全員が、驚いていた。そして、険しい視線を向けている。いけない、このままだとこの人が…。
「あのさ、ルイスに手を出したら許さんから。」
周りのプレイヤーさん達も、同意する様に頷く。流石に、プレイヤーさん達を敵に回すのを恐れて縮こまる人々。プレイヤーだけじゃない、住民達も混ざってる。この人は、いったい何者なんだろう?
「僕は、小さなクランのリーダーですよ。」
「嘘だ。」
本当は、どうだって良いのに声を返している。
「それは、心を見て言ってます?」
ニヤけた雰囲気で、その人は笑う。ムカつく…。
「見てない…。」
指輪を外すのが、とても怖い。
「それ、僕がこの世界に来てからずっと着けてる大事な物なんです。だから、大切にしてください。」
そう言って、俺から離れて新しい指輪の紐を首に掛けた。そしたら、その人は人間の姿になっていた。
「あ、自分で作れる様になったんだ?」
剣士のお兄さんが、その人に明るく笑って言う。
「そうなんですよ、グレン。」
そう言って、指輪を見せている。無言で、指輪を取ってあの人を見てみる。あれ?見えない!
「そう簡単に、心は見せませんよ。」
クスクスと、笑うその人にまた苛立った。
「本当に、俺で良いの?ポストマン。」
指輪を首に掛け、少しだけだ不機嫌な声が出た。自分でも、びっくりした。周りの人も、驚いていた。

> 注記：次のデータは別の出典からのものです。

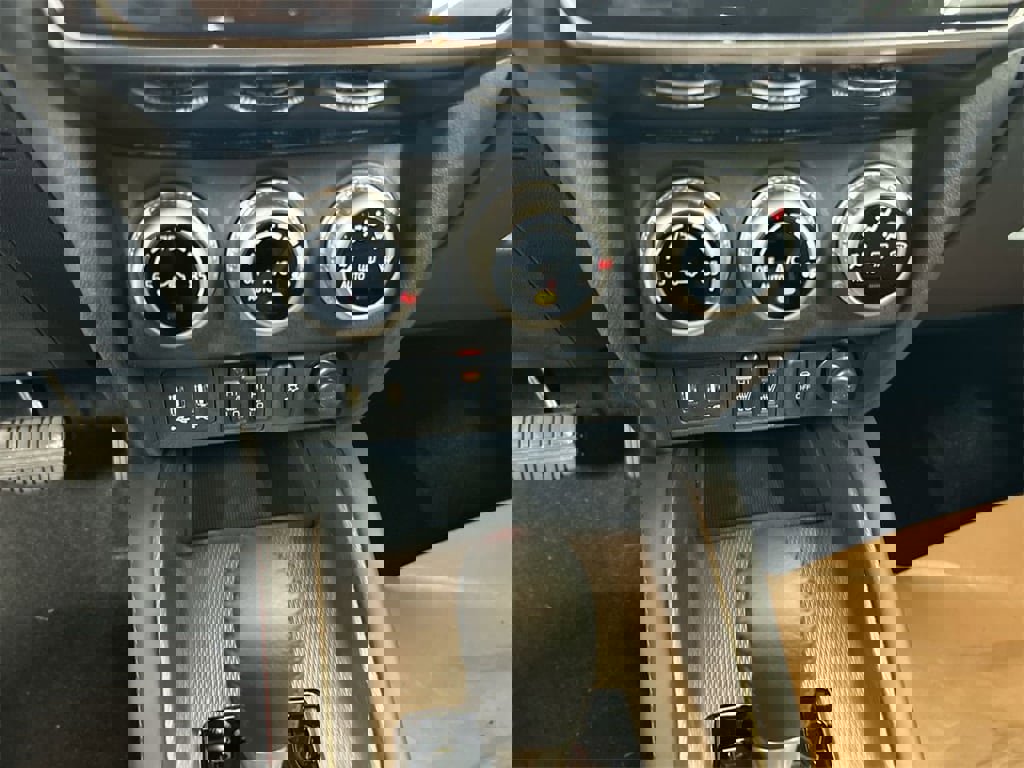 New 2025 Mitsubishi Outlander Sport SE image 17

「うーん、正式には冒険者ギルドと掛け持ちで、僕達のクランにも入って貰いますけど。」
「え?」
今度は、間抜けな声が出た。少しだけ恥ずかしい。
「あははっ、感情豊かで何よりですね。」
自分に、感情がまだあった事に驚きを隠せない。いつもは、俯いてた頭が見上げている事に気づかない程に。その人は、とても明るく輝いて見えた。
「うるさい…。」
雇い主に、失礼なのは分かってるけど。けど、この人は怒らないって感じていた。まだ、素直にはなれないけど、この人なら安心出来る気がした。